→ Work required: The expected output is exactly the lines below, starting at the line with "A Group of Four Chippendale Style Walnut Mirrors, H: A" and ending at the line with "a restaurant with", both included; no other line belongs in it.

──────── Data section ────────

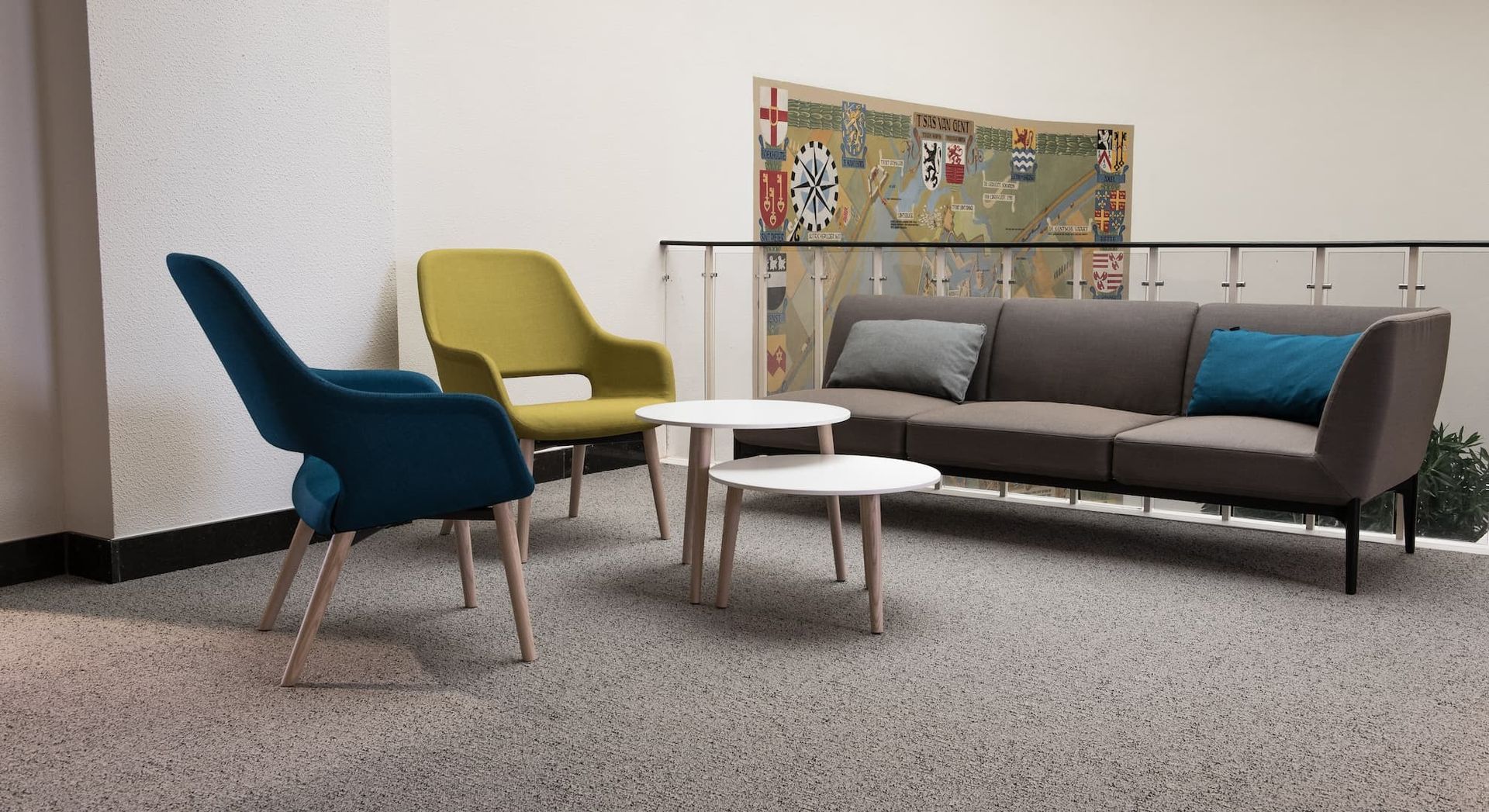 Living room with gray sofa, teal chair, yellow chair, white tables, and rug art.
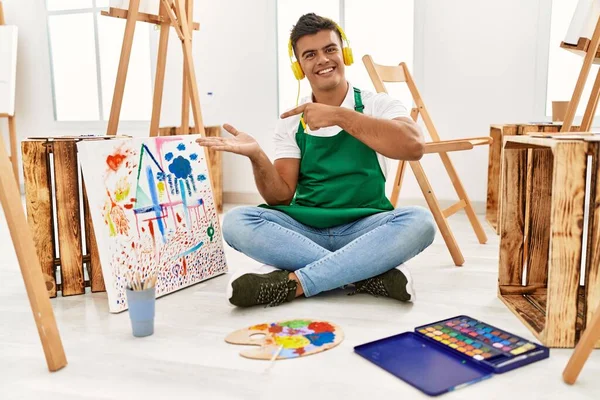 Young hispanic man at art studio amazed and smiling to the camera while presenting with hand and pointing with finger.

────────
──────── Data section ────────

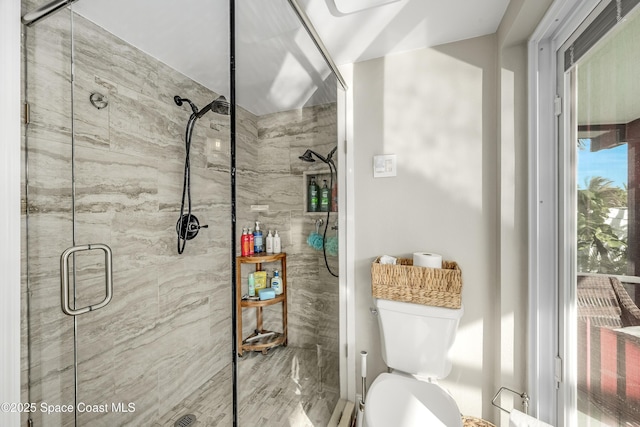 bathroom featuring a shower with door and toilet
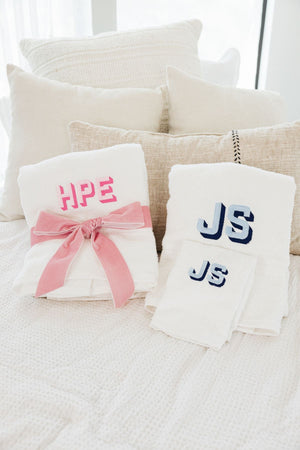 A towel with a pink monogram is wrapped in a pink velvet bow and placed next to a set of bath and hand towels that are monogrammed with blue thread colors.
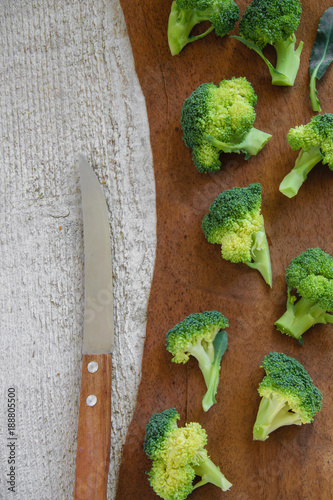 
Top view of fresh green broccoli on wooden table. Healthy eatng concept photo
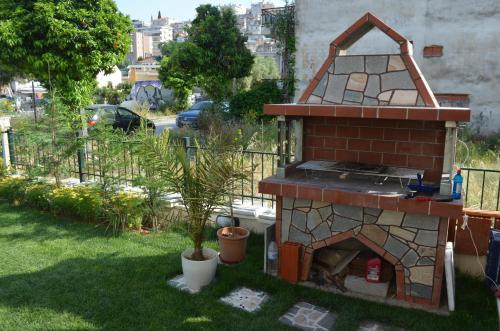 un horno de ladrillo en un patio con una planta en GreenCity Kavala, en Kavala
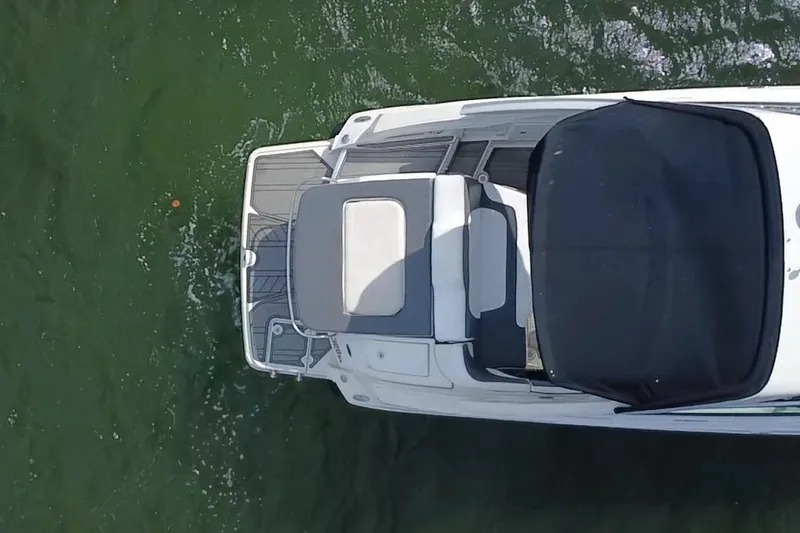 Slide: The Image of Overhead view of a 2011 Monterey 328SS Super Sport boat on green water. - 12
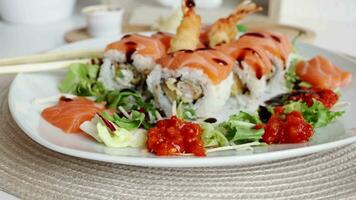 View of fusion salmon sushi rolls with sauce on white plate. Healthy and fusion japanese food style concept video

────────
──────── Data section ────────

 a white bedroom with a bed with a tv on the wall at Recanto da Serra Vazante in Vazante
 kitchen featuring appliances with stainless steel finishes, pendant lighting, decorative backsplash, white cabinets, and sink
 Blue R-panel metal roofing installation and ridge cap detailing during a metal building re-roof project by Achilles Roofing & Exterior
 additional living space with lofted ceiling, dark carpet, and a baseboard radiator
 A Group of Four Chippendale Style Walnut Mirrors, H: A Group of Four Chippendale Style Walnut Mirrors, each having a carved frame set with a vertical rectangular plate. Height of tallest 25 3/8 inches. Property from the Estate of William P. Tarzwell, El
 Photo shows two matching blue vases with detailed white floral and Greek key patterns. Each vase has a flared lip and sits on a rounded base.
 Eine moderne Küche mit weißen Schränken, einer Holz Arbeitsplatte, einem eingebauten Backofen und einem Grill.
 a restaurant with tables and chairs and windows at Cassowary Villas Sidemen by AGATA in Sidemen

────────

→ Response area:
 A Group of Four Chippendale Style Walnut Mirrors, H: A Group of Four Chippendale Style Walnut Mirrors, each having a carved frame set with a vertical rectangular plate. Height of tallest 25 3/8 inches. Property from the Estate of William P. Tarzwell, El
 Photo shows two matching blue vases with detailed white floral and Greek key patterns. Each vase has a flared lip and sits on a rounded base.
 Eine moderne Küche mit weißen Schränken, einer Holz Arbeitsplatte, einem eingebauten Backofen und einem Grill.
 a restaurant with tables and chairs and windows at Cassowary Villas Sidemen by AGATA in Sidemen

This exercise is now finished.